JAKARTA (Lensamagetan.com) – Era digital menghadirkan sebuah paradoks ekonomi bagi para kreator konten, di mana platform global justru membuat mereka semakin terhimpit. Hal ini diungkapkan oleh Anggota Dewan Pers sekaligus Ketua Komisi Digital dan Sustainability, Dahlan Dahi.
Dalam Dialog Nasional “Media Baru vs UU ITE” yang digelar oleh Serikat Media Siber Indonesia (SMSI) menjelang Hari Pers Nasional (HPN) 2026, Selasa (28/10/2025), Dahlan menyoroti strategi platform yang sengaja menekan pendapatan kreator dengan membanjiri pasar.
“Makin banyak orang bikin blog, makin murah biaya advertising. Waktu itu publisher paling 100, tapi sekarang tiba-tiba 1000 orang, tiba-tiba 2000 orang, tiba-tiba 3 juta orang,” papar Dahlan di hadapan peserta dialog.

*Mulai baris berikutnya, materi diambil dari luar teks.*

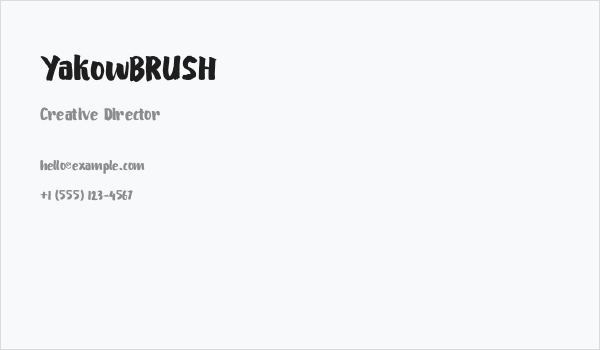 YakowBRUSH Business Card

Menurutnya, ini adalah strategi yang disengaja untuk membuat harga konten semurah mungkin, yang pada akhirnya menguntungkan platform tetapi merugikan produsen konten.
“Platform mendorong sebanyak mungkin orang untuk memproduksi konten supaya harganya makin murah. Jadi ini paradoks sekali. Makin banyak konten makin murah. Platformnya makin kaya tapi konten kreatornya makin miskin,” tegas Dahlan.
Dahlan, yang juga merupakan CEO Tribun Network, mengilustrasikan fenomena ini dari pengalamannya di industri media. Ia menyebut pendapatan per page view terus mengalami penurunan tajam.
“Revenue per page view dulu berapa, sekarang sudah anjlok ke level berapa dan ini akan terus anjlok. Jadi ini akan ada saturasi di sini,” jelasnya.
Kondisi ini, lanjutnya, tidak hanya terjadi di media berbasis teks, tetapi juga telah diterapkan di platform video seperti YouTube.
“Strategi yang dipakai di website sekarang juga dipakai di platform video. Audiens kita di YouTube malah lebih besar daripada di website – ada kurang lebih 42 juta video views per hari. Tapi bukan berarti makin banyak video views makin banyak pendapatan. Enggak. Yang terjadi adalah makin banyak video views makin sedikit pendapatannya,” ujarnya.
Ia mengingatkan bahwa situasi ini menciptakan dua tantangan besar bagi industri media, yakni profitabilitas jangka pendek dan keberlanjutan (sustainability) dalam jangka panjang.
“Ada persoalan profitability dalam jangka pendek, tapi ada persoalan sustainability dalam jangka panjang. Toh semua orang didorong untuk memproduksi sebanyak konten sebanyak-banyaknya tetapi harganya menjadi semurah-murahnya,” tandasnya.
Masalah paling krusial dari fenomena ini, menurut Dahlan, adalah ancaman terhadap pembiayaan jurnalisme berkualitas tinggi (high quality journalism).
“Dari sisi demokratize, artinya memberi akses kepada semua orang untuk memproduksi informasi, mendistribusikan informasi, ini bagus sekali. Tapi dari sisi bagaimana membiayai high quality jurnalisme, ini menjadi persoalan besar yang perlu kita carikan jawabannya sama-sama,” tegas Dahlan.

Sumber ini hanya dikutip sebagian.